= Maxine Clair =

American writer (1939–2025)

Maxine Deloris Clair ( Smith; February 18, 1939 – September 5, 2025) was an American novelist, poet and short-story writer. Her debut novel Rattlebone won the Heartland Prize in 1994. She was awarded a Guggenheim Fellowship for fiction in 1995.

== Life and career ==
Born in Kansas City, Kansas, on February 18, 1939, Clair attended the University of Kansas and went onto a career in medical technology, becoming the chief technologist at a children's hospital in the Washington, D.C., area. While working in the hospital she became interested in writing and completed an M.F.A at American University. Clair went on to become a professor at George Washington University until 2008 when she retired as professor emerita. Her first book, the poetry collection Coping with Gravity, was published in 1988.
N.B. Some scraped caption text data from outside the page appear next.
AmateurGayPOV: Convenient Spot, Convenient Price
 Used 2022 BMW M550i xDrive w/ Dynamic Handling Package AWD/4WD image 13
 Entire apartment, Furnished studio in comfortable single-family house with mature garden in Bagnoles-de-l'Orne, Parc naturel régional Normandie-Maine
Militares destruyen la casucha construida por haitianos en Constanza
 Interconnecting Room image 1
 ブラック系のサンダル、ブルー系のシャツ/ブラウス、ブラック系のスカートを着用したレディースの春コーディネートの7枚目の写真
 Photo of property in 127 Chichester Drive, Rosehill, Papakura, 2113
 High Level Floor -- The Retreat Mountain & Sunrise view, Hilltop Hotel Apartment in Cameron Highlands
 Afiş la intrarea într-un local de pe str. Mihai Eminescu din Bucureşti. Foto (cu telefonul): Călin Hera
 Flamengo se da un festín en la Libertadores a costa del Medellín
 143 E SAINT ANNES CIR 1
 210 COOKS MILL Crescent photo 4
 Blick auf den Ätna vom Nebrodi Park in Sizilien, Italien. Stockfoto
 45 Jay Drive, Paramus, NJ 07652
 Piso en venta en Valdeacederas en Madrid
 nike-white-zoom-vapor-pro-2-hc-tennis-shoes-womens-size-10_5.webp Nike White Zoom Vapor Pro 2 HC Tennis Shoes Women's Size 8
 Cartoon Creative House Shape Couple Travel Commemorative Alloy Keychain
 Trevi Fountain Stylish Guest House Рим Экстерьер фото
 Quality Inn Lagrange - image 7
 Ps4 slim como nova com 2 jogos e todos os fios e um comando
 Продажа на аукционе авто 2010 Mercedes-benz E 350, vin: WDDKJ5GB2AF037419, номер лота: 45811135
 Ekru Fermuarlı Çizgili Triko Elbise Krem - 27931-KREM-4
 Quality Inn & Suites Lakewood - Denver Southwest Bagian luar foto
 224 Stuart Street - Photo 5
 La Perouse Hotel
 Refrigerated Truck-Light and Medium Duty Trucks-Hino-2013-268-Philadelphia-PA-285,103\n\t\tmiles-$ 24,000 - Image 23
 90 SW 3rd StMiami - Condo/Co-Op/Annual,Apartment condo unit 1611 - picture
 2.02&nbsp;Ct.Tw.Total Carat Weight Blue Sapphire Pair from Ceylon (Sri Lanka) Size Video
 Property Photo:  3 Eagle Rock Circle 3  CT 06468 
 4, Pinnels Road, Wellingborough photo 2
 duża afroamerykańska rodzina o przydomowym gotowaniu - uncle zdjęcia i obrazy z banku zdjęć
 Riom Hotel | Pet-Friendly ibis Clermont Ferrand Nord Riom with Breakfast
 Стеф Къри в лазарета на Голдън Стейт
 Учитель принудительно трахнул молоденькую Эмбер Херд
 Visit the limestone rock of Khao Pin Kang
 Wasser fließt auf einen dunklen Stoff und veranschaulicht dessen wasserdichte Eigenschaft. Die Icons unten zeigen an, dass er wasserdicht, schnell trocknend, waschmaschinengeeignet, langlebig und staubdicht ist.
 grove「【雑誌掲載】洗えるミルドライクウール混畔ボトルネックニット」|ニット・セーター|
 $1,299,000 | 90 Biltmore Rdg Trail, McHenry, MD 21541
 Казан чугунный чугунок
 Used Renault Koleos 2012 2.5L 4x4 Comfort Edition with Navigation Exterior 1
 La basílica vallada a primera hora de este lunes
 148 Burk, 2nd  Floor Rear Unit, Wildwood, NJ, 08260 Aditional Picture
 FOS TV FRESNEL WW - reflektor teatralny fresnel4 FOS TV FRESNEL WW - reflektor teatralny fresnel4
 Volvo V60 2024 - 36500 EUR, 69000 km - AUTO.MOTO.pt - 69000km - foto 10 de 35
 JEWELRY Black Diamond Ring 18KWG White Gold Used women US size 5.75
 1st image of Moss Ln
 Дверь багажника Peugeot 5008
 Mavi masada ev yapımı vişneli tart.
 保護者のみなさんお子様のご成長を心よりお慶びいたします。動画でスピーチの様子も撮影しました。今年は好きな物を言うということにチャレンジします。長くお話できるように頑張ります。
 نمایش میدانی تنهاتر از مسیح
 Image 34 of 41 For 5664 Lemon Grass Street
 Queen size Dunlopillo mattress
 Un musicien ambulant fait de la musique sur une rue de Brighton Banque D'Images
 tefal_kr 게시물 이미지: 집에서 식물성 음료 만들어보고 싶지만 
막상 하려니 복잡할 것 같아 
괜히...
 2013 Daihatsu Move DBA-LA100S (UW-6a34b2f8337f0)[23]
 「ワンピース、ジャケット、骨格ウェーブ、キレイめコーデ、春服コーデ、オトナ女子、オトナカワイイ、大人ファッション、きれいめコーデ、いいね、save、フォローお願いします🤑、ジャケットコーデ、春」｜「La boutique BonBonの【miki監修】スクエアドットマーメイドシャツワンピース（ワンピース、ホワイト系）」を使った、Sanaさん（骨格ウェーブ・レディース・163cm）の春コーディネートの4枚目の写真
Clair's best known work is the 1994 novel Rattlebone, the title of which comes from the neighborhood Rattlebone Hollow in the north of Kansas City. The novel was reissued by McNally Editions in 2022. Her book received a Heartland Prize during 1994. A character from Rattlebone, the teacher October Brown, reappears in a later novel October Suite, which was a finalist for the Hurston/Wright Legacy Award in 2002.

Clair died in Washington, D.C., on September 5, 2025, at the age of 86.